Aparte de un agudo nivel de penetración psicológica, Juan de Dios Caballero hace gala de un sutil humor situacional, de ese que saca apenas una pequeña sonrisa agridulce más que una franca carcajada, donde la ironía y el desencanto no son obstáculo para una mirada indudablemente empática y profundamente humana. Los personajes principales son seres descolocados, atrapados en el desarraigo, o, como en el caso de la asistente social asignada a Alfi, profundamente arraigados pero enfrentándose a un otro que los descoloca.
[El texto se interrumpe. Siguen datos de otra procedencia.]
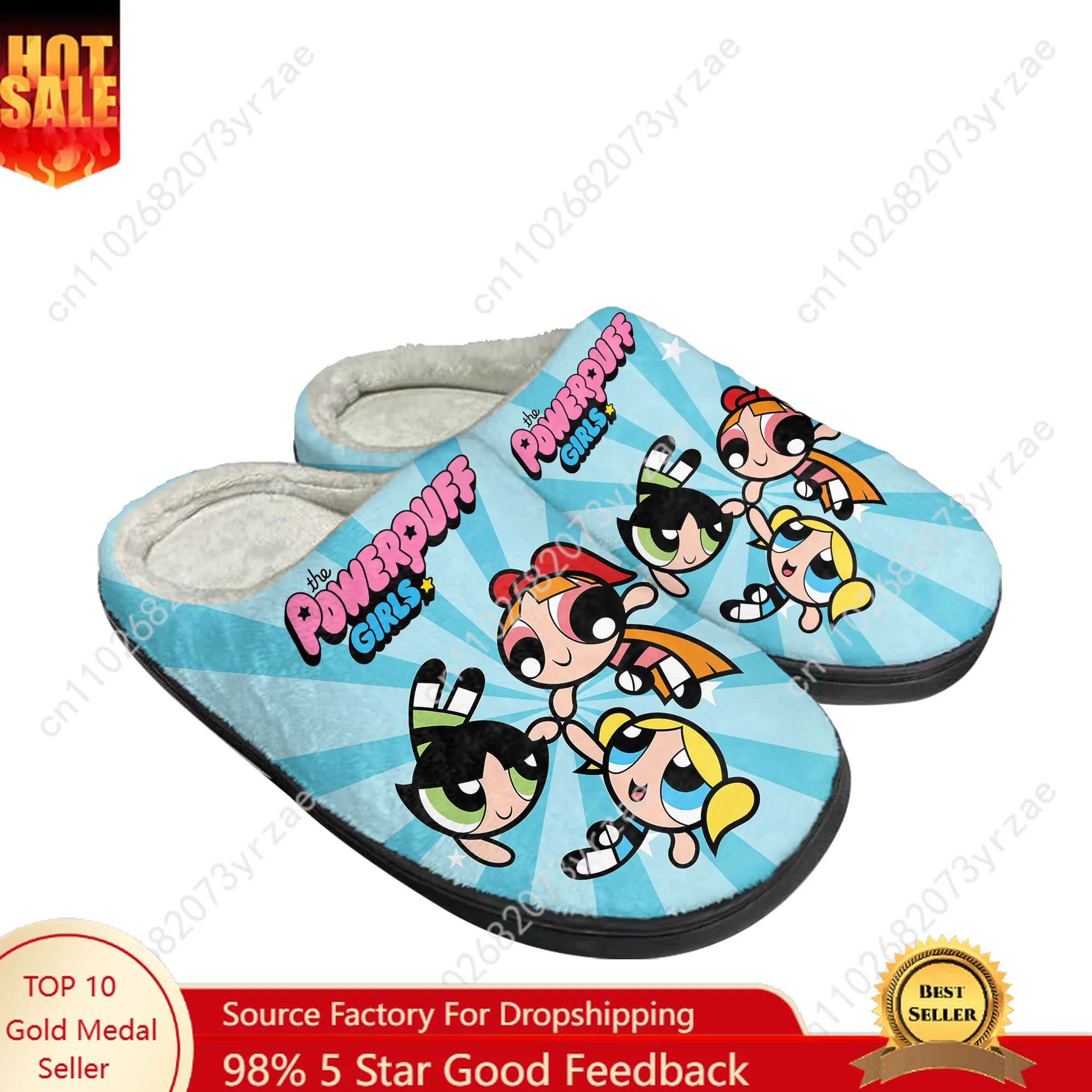 

The Powerpuff Girls Cotton Shoe Family Slippers Mens Womens Teenagers High Quality Plush Indoor Casual Warm Shoes Custom Slipper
Los Bauer, puede decirse, ya estaban exiliados en su propio pueblo antes de que cayera Alfi, lo cual es, evidentemente, un sino trágico, pero la narración ofrece esos pequeños respiros, esos guiños al absurdo, en el extrañamiento que provocan esos gestos o miradas que los personajes traen de un universo ajeno al lugar donde se mueven.

Al igual que su protagonista, Una tumba para Alfi es una historia que apunta a sanar heridas, y no sólo las provocadas directamente por la represión militar. También, en tiempos tan definitorios como fueron aquellos, en los que un par de acciones osadas de un individuo podían arrastrar a un calvario a sus familias o su entorno cercano, también existieron esas pequeñas heridas, las de quienes no se hallaban en posición de decidir hasta dónde había que jugarse el destino. Por más que se trate de vidas comunes, pueblerinas, el motor de la Historia, así, con mayúscula, es el que finalmente marca la ruta. Pero, dentro de todo, Una tumba para Alfi, sin caer en ingenuidades ni banalizaciones, tiene unos atisbos de luminosidad difíciles de encontrar en las narrativas relacionadas con el período en cuestión. En la medida en que Hernán sigue su periplo geográfico y vital, va entendiendo cosas, madurándolas y curándolas. Nadie le devolverá lo perdido, y en realidad casi que no hay a quién reclamárselo. Pero la vida le ofrece, al menos, el pequeño pero significativo alivio de comprender cabalmente a ese otro cuyas acciones, en un momento, fueron tan inexplicables como la forma en que lo afectaron. Y esas trayectorias individuales, de alguna manera, ofrecen un atisbo, si no de redención, al menos de sanación, de cierre, para esos pequeños dolores que siguen afectando a toda nuestra sociedad, pese a los años transcurridos.

Una tumba para Alfi. De Juan de Dios Caballero. Montevideo, Fin de Siglo, 2019. 252 páginas.